Il quadro che emerge da questa rilevazione non è buono per il Pd ma non è nemmeno una sorpresa. Prendendo come riferimento i dati del sondaggio Ipsos-Cise del 2006 riportati nella tabella in pagina si vede che una delle ragioni della vittoria dell’Unione nelle elezioni di quell’anno fu dovuto proprio al suo successo tra questa categoria di lavoratori. Il 50 % del totale dei dipendenti pubblici intervistati aveva dichiarato di voler votare per la coalizione di Prodi contro il 26% per Berlusconi. Ma ancora più significativi erano i dati relativi ai dipendenti privati (43% e 29% rispettivamente). Infatti mentre i dipendenti pubblici tendono a essere stabilmente vicini ai partiti di sinistra , i dipendenti privati, e soprattutto quelli delle fasce medio-basse, sono molto più “ballerini”. Nel 2001 avevano votato in maggioranza per i partiti della Cdl e avevano contribuito in maniera rilevante alla sua vittoria. Nel 2006 una parte consistente di loro avevano dato fiducia a Prodi e alla sua coalizione. Una fiducia piena di dubbi come si notava in molte delle risposte del sondaggio di allora.
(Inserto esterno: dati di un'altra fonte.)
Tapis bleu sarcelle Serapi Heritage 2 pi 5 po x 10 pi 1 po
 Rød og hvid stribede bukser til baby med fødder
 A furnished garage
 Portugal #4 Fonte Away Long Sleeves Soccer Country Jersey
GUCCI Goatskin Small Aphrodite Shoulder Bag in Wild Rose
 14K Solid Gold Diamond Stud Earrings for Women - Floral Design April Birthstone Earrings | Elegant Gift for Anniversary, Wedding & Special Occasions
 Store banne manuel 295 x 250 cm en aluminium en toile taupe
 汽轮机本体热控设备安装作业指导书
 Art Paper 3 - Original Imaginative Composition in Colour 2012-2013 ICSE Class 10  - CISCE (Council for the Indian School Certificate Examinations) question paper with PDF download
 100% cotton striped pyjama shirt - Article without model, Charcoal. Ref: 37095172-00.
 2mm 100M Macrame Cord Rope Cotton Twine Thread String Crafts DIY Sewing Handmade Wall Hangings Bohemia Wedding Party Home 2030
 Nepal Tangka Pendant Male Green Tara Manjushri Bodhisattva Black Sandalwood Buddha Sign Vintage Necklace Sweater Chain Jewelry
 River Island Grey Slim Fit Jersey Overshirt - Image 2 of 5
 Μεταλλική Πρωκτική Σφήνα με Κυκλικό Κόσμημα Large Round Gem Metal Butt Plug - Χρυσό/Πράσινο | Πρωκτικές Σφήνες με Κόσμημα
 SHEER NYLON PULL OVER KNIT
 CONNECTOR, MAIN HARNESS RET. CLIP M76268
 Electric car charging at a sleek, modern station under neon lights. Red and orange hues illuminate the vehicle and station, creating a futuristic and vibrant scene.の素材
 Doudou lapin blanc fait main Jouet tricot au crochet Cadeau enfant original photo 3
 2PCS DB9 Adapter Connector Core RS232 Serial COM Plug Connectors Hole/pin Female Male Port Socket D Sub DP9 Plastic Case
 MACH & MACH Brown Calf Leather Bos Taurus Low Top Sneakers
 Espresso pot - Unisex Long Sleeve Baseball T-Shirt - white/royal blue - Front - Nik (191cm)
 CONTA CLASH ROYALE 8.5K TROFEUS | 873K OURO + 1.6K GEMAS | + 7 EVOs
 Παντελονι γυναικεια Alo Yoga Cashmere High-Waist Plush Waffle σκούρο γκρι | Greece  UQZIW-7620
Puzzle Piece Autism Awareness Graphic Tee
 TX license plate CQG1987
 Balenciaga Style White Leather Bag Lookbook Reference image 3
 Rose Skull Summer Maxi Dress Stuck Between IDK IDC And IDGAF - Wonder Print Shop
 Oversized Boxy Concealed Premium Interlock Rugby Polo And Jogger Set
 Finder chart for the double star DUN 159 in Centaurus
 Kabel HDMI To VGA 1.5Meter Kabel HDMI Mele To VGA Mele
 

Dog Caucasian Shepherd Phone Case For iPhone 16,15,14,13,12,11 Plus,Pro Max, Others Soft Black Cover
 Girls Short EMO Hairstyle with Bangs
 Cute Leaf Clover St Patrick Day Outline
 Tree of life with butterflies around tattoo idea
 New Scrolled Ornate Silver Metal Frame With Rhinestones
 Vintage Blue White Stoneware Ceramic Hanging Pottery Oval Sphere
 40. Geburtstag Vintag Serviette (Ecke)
Oggi le cose sono di nuovo cambiate. Ma il cambiamento era già stato registrato da un altro sondaggio commissionato da questo giornale nell’estate del 2007. Ad appena un anno dal voto che aveva visto la vittoria di Prodi i dubbi del 2006 si erano già trasformati in delusione. Questa tendenza è confermata anche dai dati di questo sondaggio. Tra i dipendenti pubblici il distacco di 26 punti percentuali tra destra e sinistra nel 2006 (50 contro 26 a favore della sinistra) si è ridotto a 6 punti (34 contro 28) tenendo conto delle attuali coalizioni ovvero a 9 punti (45 contro 36) se il confronto si fa tra gli schieramenti come erano due anni fa. I dipendenti pubblici sono meno di sinistra di una volta. E questa è una brutta notizia per il Pd che si somma al dato negativo sui dipendenti privati. Nel sondaggio 2006 l’Unione aveva un vantaggio di 14 punti sulla Cdl. Oggi è la coalizione di Berlusconi ad avere un vantaggio di due punti su quella di Veltroni (34 a 32). Come si è già notato, complessivamente il Pd più Idv conserva un piccolo vantaggio in questa fascia di elettorato, ma è troppo esiguo per ribaltare il notevole svantaggio che ha rispetto al Pdl nell’altra fascia, quella del lavoro autonomo. Questa è la fotografia oggi. Domani si vedrà.